Demokrat Minta Jokowi Transparan Soal Pergantian Buwas

Abraham Utama | CNN Indonesia
Senin, 07 Sep 2015 06:50 WIB
Wakil Ketua Dewan Pimpinan Pusat Partai Demokrat, Syarief Hasan, mengatakan ciri pemerintahan yang baik adalah transparan dan akuntabel.
Wakil Ketua Dewan Pimpinan Pusat Partai Demokrat, Syarief Hasan saat konferensi pers di Gedung DPP Partai Demokrat, Jakarta, Senin, 29 September 2014. (CNN/Indonesia/Safir Makki)
Jakarta, CNN Indonesia -- Partai Demokrat meminta Presiden Joko Widodo dan Kepala Polri Jenderal Badrodin Haiti untuk menjelaskan beragam alasan dan latar belakang pergantian Kepala Badan Reserse Kriminal Polri kepada masyarakat.
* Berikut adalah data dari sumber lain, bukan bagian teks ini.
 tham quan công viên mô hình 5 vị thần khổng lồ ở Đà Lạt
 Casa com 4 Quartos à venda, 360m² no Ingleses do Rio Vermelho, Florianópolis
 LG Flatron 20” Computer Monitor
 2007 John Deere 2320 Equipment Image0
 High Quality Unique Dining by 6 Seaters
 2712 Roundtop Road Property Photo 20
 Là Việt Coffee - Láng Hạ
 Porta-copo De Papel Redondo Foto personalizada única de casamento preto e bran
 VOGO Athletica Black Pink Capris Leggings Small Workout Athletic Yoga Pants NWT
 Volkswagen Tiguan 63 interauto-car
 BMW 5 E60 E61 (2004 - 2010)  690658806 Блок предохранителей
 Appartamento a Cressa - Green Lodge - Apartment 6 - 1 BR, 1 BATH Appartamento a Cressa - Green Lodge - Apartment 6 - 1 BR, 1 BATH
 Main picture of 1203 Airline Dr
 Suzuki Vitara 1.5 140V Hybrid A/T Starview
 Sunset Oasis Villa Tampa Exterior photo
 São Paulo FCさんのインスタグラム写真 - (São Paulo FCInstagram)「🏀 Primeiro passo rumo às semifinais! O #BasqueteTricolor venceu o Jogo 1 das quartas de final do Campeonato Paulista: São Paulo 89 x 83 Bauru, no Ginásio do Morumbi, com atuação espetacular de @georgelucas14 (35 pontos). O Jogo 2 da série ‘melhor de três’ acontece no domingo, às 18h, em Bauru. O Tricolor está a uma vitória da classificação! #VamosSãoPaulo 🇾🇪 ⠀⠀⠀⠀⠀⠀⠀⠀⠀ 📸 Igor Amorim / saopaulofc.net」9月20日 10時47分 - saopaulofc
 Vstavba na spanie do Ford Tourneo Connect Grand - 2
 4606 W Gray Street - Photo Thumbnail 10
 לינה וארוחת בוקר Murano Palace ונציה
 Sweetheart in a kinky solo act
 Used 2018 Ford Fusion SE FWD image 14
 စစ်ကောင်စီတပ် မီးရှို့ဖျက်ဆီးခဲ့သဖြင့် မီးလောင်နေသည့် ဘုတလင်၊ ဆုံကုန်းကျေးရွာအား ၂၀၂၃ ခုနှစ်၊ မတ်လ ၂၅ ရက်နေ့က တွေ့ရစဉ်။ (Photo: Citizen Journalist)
Wakil Ketua Dewan Pimpinan Pusat Partai Demokrat, Syarief Hasan, menyebut penjelasan tersebut akan menjadi bagian dari akuntabilitas dan transparansi pemerintah dalam mengambil sebuah kebijakan.

"Ciri pemerintahan yang baik adalah transparan dan akuntabel. Pengambilan keputusan juga harus sesuai dengan aturan dan sistem yang berlaku," ujar Syarief di Jakarta, Ahad (6/9).

ADVERTISEMENT

SCROLL TO CONTINUE WITH CONTENT

Syarief mengatakan, penjelasan Presiden dan Kapolri itu mendesak karena menurut Demokrat, rotasi pada level Kabareskrim dan Kepala Badan Narkotika Nasional ini bukanlah mutasi biasa.

"Mengingat Polri merupakan institusi penting, rakyat perlu mendapatkan penjelasan yang benar dan jujur, apa sesungguhnya yang ada di balik pergantian itu," tuturnya.

Seperti diketahui, pada Kamis (3/9) lalu, Kapolri mengeluarkan Surat Keputusan bernomor KEP/763/IX/2015. Melalui surat itu, Kapolri menyatakan telah merotasi Kabareskrim Komisaris Jenderal Budi Waseso menjadi Kepala BNN. Sebaliknya, Komisaris Jenderal Anang Iskandar dialihtugaskan dari Kepala BNN menjadi Kabareskrim.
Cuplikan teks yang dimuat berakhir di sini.